El espionaje a Gobiernos amigos hará difícil que EE UU logre sus objetivos diplomáticos en el mundo

Precisamente porque la moral, regida por la ética de las convicciones, y la política, sometida a la ética de las responsabilidades, constituyen esferas diferenciadas, tenemos la obligación de pensar sobre la mejor manera de reconciliarlas. Como ha puesto de manifiesto el filósofo político Michael Ignatieff, lo peor de esta tarea no son los riesgos que se asumen, sino su escaso retorno: en el mejor de los casos, en lugar de encontrar una verdad que nos ilumine, nos encontraremos con una serie de males entre los que elegir el menor.
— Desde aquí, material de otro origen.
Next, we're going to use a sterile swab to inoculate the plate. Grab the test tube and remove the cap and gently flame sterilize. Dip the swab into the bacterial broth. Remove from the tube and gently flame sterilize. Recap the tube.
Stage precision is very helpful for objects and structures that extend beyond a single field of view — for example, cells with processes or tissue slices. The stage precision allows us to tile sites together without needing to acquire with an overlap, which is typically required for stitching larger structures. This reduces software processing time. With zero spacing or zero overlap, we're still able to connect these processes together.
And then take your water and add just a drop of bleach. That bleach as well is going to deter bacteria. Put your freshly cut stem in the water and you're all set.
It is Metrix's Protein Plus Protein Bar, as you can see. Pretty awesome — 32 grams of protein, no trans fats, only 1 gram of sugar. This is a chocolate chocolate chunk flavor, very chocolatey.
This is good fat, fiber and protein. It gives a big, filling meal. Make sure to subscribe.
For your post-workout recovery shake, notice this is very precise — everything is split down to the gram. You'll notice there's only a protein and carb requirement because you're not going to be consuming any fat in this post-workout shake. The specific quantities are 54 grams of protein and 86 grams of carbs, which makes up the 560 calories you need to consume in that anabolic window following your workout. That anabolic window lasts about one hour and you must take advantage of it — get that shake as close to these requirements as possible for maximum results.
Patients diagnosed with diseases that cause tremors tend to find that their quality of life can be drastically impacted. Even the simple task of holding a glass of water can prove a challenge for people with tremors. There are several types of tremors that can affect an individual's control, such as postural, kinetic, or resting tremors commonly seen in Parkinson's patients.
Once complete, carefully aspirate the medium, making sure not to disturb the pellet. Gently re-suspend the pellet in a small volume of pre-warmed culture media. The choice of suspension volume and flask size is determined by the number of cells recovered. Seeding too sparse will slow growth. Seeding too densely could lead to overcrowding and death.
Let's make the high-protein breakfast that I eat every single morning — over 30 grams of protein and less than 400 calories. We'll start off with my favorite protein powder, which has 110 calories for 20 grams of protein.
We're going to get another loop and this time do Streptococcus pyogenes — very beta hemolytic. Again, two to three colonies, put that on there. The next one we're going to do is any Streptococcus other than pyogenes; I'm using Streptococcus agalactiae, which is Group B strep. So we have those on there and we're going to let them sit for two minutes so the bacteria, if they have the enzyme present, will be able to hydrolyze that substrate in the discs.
Dicho esto, y partiendo de que espiar no está bien, pero es necesario, se impone hacer algunas distinciones. El caso más fácil de dilucidar es el que tiene que ver con Gobiernos enemigos o personas potencialmente peligrosas. Espiarles parece más que justificado, pues sus actividades suponen una amenaza al bienestar y derechos de los ciudadanos. El problema es que, por lo que estamos viendo, el Gobierno estadounidense ha desbordado con creces esa primera esfera y se ha adentrado en tres territorios muy problemáticos.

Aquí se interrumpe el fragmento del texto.